A very small MPI profiling tool is mpiP - it gives a very short summary of MPI activity in your code.
The IPM library is fairly easy to build and gives you lots of MPI counts and times, and gives a nice HTML file as a result. You mention PAPI; IPM will also integrate PAPI counters if available. We use this regularly at our centre, and I think this would do what you like. If you've built your program with dynamic libraries for MPI, you don't even need to recompile to use this (mpiP has the same property).
Jumpshot, which comes with MPICH2 but can be built with any MPI, actually shows on a timeline how long each MPI operation took.
OpenSpeedshop gives very detailed performance measurements of your code, highlighting especially "expensive" lines; it also has an MPI-tracing mode which will identify MPI times by line of code. It can be tricky to install.
On the commercial part of the spectrum there are Vampir from TU Dresden and Intel Trace Analyzer and Collector (ITAC). Vampir collects source-level, MPI and OpenMP traces using the open source VampirTrace library that also integrates with PAPI to provide detailed event and counter tracing. VampirTrace's traces are in Open Trace Format that could be read by various other tools besides Vampir.
ITAC is part of Intel Cluster Studio XE. It is mostly designed to work with Intel MPI and sharing the same ancestral code with Vampir, provides more or less the same functionality.
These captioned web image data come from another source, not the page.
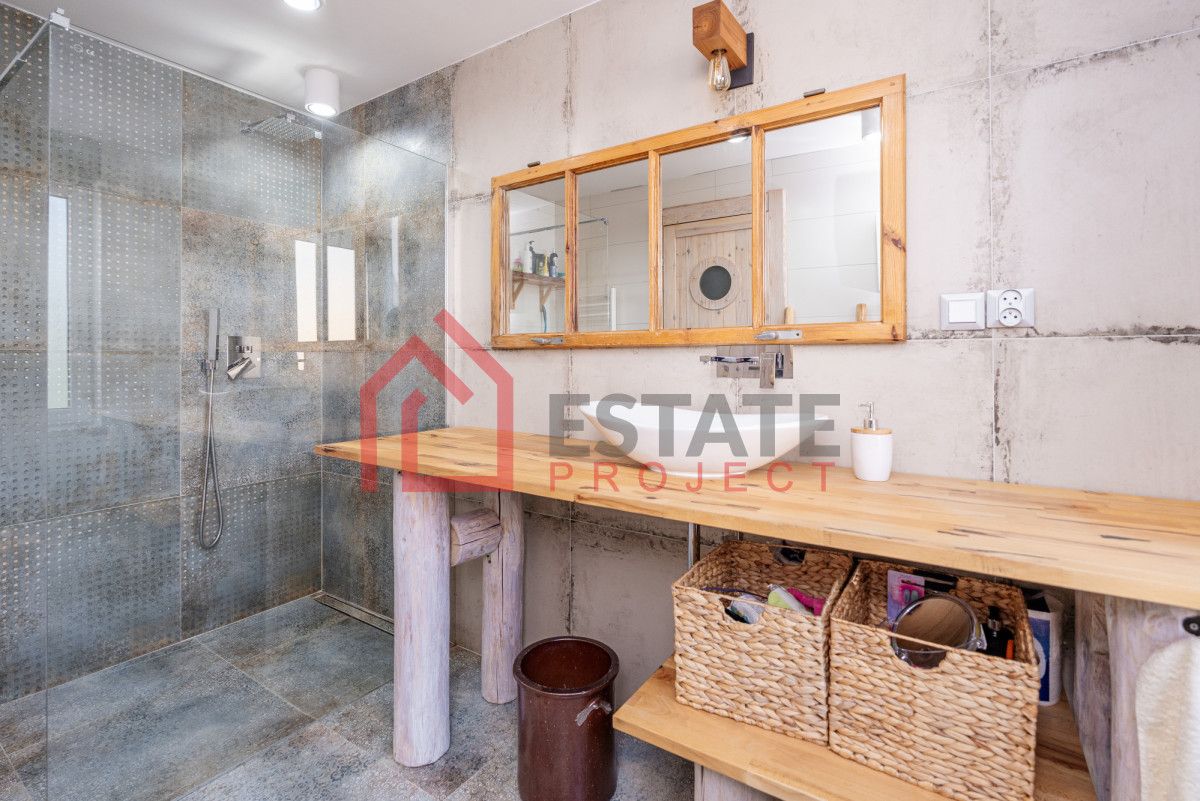 dom wolnostojący, 3 pokoje Borucino. Zdjęcie 8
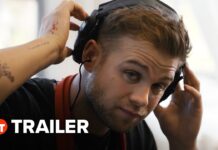 Tuner (2025) – trailer și detalii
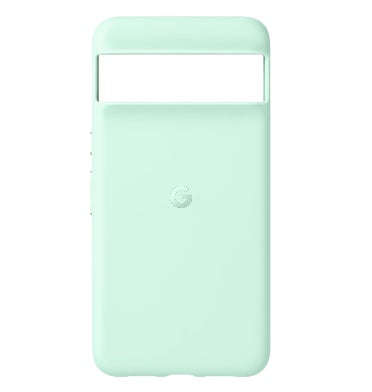 GOOGLE PIXEL 8 PRO SOFT SHELL CASE MINT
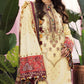 EILEEN | Anaya VIVA by Kiran Chaudhry Embroidered Lawn '22 | Unstitched Embroidered Lawn Suits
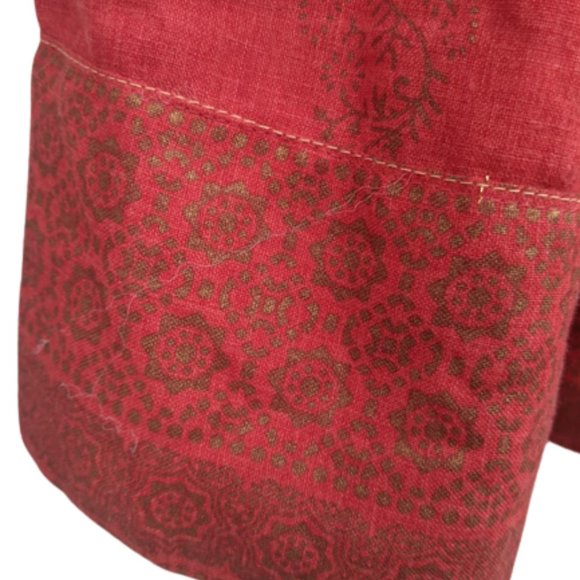 WELL WORN Authentic Indian Dress Size XXL Fits XL - Picture 6 of 6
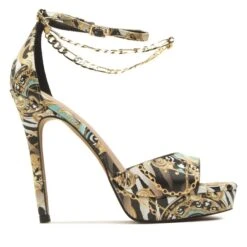 Sandalen Aldo - Prisilla 16408960 968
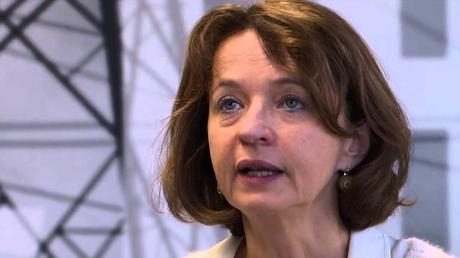 Drépanocytose : première guérison par thérapie génique Résultats de recherche d'images pour « Marina Cavazzana »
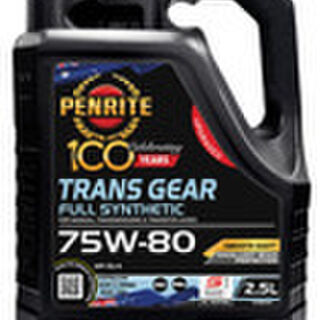 Manual & Differential Gear Oils | Youngs Automotive Nelson
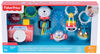 Fisher-Price Coffret Cadeaux Mes Mini-Jouets À Emporter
One of its nice features is the included automatic run-time MPI correctness checker.
Allinea MAP is an MPI profiler from Allinea that provides performance analysis with an integrated source browser that displays the communication/computation cost alongside individual lines of the source code. It also shows high-level graphs of performance information, including memory, CPU instructions and communication.
But there are other higher level tools which not only give reports, but actually offer advice. TACC's perfexpert is a command-line based tool which takes a number of measurements and offers some performance tuning advice. Scalasca out of Jülich, recompiles your code with a lot of source-level instrumentation and can point out load imbalances, particularly expensive MPI collectives, etc. It can also integrate with Vampir for detailed trace analysis.